General Manager Proyek Terminal Baranangsiang PT PGI Munir Achmad mengatakan, sejak 2012 hingga akhir 2017, sudah 22 kali perubahan desain Terminal Baranangsiang. Terakhir, area terminal seluas 18.200 meter persegi. Terminal bakal berhadapan dengan stasiun LRT Bogor-Jakarta. Terminal dan stasiun akan dihubungkan dengan jembatan (skybridge).
Namun, EVP PT Kereta Api Indonesia Divisi LRT Jabodebek John Robertho Siahaan belum bisa memastikan lokasi stasiun LRT di Bogor kelak. “Sekarang masih konsen di fase 1 rute Cawang-Cibubur. Kalau yang lanjutan Cibubur ke Bogor, kami belum tahu dimana stasiun di Bogor nantinya,” ucapnya.

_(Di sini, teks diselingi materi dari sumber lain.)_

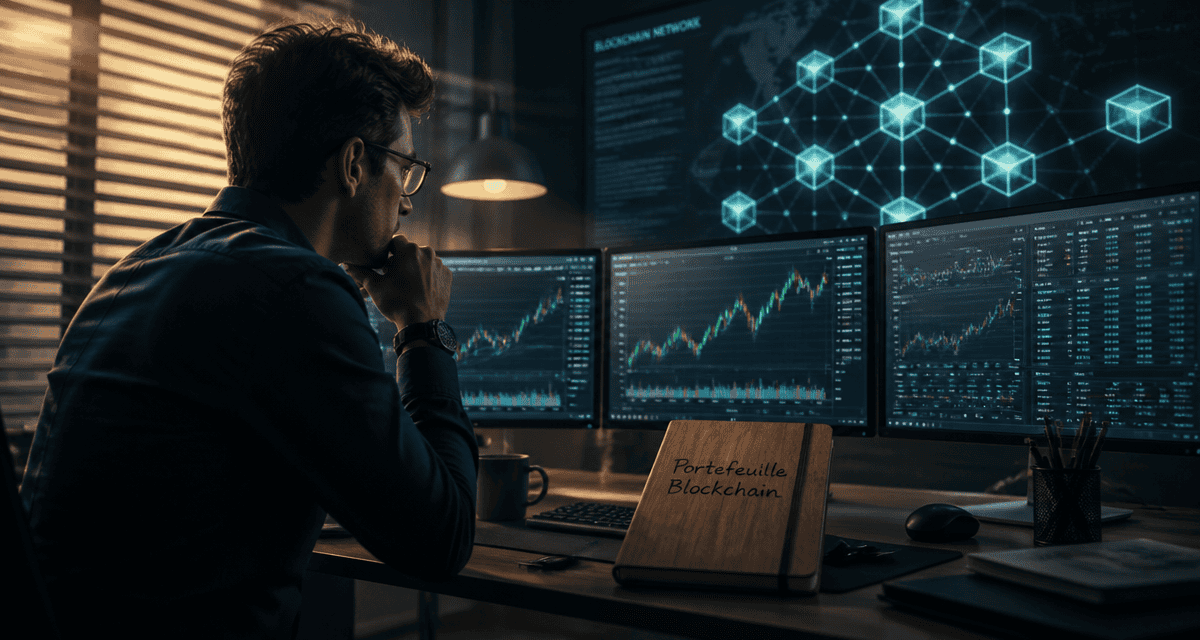 investisseur blockchain bourse écrans graphiques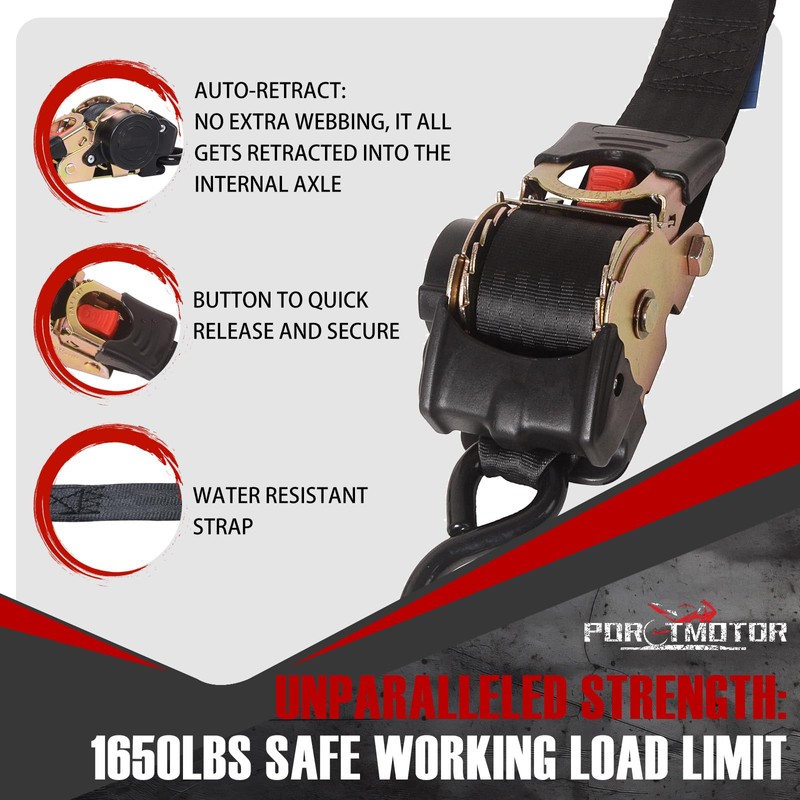 Porotmotor 4 Pack Retractable Ratchet Straps (2" × 10'), 3000LBS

Dari sisi perizinan, Kepala Bagian Perizinan Pemanfaatan Ruang Badan Pelayanan Perizinan Terpadu - Penanaman Modal (BPPT-PM) Kota Bogor Rudi Mashudi mengungkapkan, PT PGI sudah mengantongi Izin Mendirikan Bangunan (IMB) untuk pembangunan terminal terpadu Baranangsiang. Sampai saat ini, IMB-nya belum dibatalkan atau diubah.
"Sampai saat ini, kami dari perizinan belum menerima pengajuan perbaikan IMB. IMB yang diberikan, sesuai permohonannya pada 2012. Kalau ada perubahan desain bangunan, harus mengubah IMB-nya. Harus ada kajian awal lagi," tuturnya.
Sementara, Ketua Umum KPTB Teddy Irawan (35) menuturkan, KPTB yang sejak 2014 menjadi organisasi kemasyarakatan, belum diajak berdialog terkait rencana pembangunan terminal ini. KPTB beranggotakan lebih 1.000 pencari nafkah di terminal.
"Dulu, mungkin ada, tetapi bukan dengan kami, pengurus KPTB yang sah. Mereka hanya beberapa orang koordinator dari perusahaan bus, yang sekarang pun ada ada yang busnya tidak operasional lagi di sini," katanya.
Budiana Firdaus (54), Humas KPTB mengatakan, KPTB dulu menolak karena area terminal hanya 1.000 meter persegi, sedangkan untuk mal dan hotel 18.000 meter persegi. "Tidak ada juga jaminan kami dipekerjakan. Lagi pula, anggota kami kebanyakan tidak berpendidikan tinggi, banyak SMP saja tidak lulus. Umurnya juga banyak kayak saya. Bisa kerja apa kami di hotel dan mal," tuturnya.
Di tengah pro-kontra ini, se baiknya tidak kita lupakan kebutuhan penumpang akan pelayanan yang aman dan nyaman, termasuk di terminal.